Wait, no. Don’t imagine it: examine it. Like a vision from a parallel universe, it now exists.

Way back in 2001, Miguel de Icaza realized that if he ported .NET to Linux, he would open Linux up to a huge new developer community — and vice versa. The Mono Project was born. it wound up in Novell’s hands, where it continued to mature. Last year much of the Mono team founded a company called Xamarin, whose MonoTouch software lets developers write native Android/iOS apps using .NET technologies.

Android apps run on Google’s Dalvik virtual machine. “Dalvik’s fairly immature, and Mono vastly outperforms it,” says Xamarin’s CEO Nat Friedman. “So we started thinking: hey, what if we translated the entire Android OS to C#? It would run faster, and it wouldn’t have any legal problems.”

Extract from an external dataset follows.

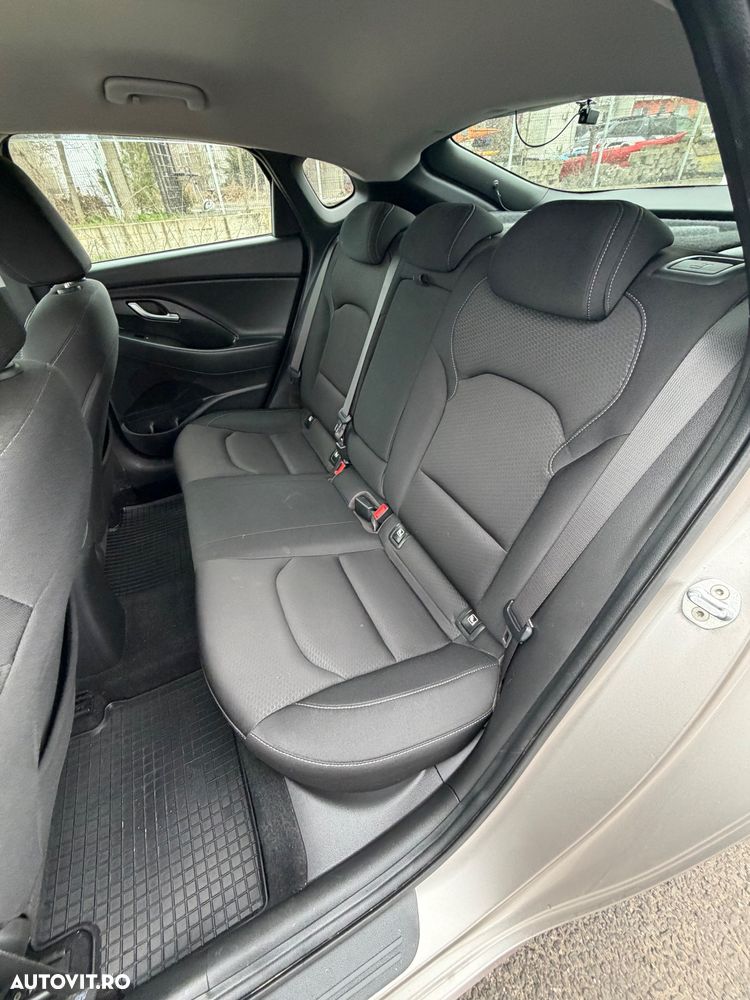 Hyundai i30 1.4 T-GDi 140CP 5DR Exclusive - 12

First it was just a thought experiment. Then it became more of a science project. And then the Xamarin team actually did it, by adopting and improving a tool named Sharpen that translates Java to C#, and using it to translate the entire Android 4.0 (Ice Cream Sandwich) codebase. They did get a few side benefits — that improved tool, and better graphics handling — but mostly they did it for fun, aka the love of making something better. Oh, and they’ve now open-sourced the whole thing, under the name of XobotOS.

What does this mean? Good question. Maybe it’s an impressive technical achievement that’s ultimately inconsequential except as a bright feather in Xamarin’s cap. (If the idea was to get developers’ attention, they’ve certainly succeeded.) Maybe it’s Plan B for Google, in case there is some (unlikely) legal catastrophe.

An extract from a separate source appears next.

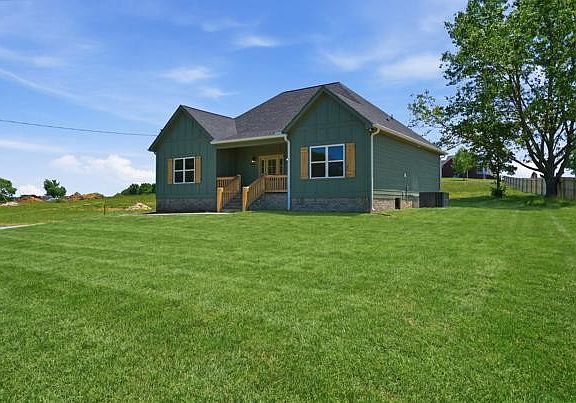 2nd image of 2123 Sims Rd
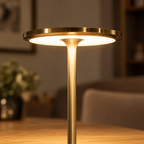 Rétalis, lampe de table or — détail de la tête lumineuse ; mise en scène illustrative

And maybe the next company that thinks about forking Android for their own use — as Amazon did with the Kindle Fire, and as RIM had to have at least considered last year — will decide to go the Xobot route, for better performance, for legal cover, as a major differentiator, and to appeal to the huge and thriving .NET developer community. On the other hand, existing apps would either have to run on the IKVM virtual machine atop Mono (after tweaking it to handle Dalvik .dex files) which would mean a performance hit, or be Sharpened to C# and recompiled.

Still, at the very least, it’s a technically impressive and interesting feat. And who knows? Watch this space. It just might turn out to be a genuinely disruptive one as well.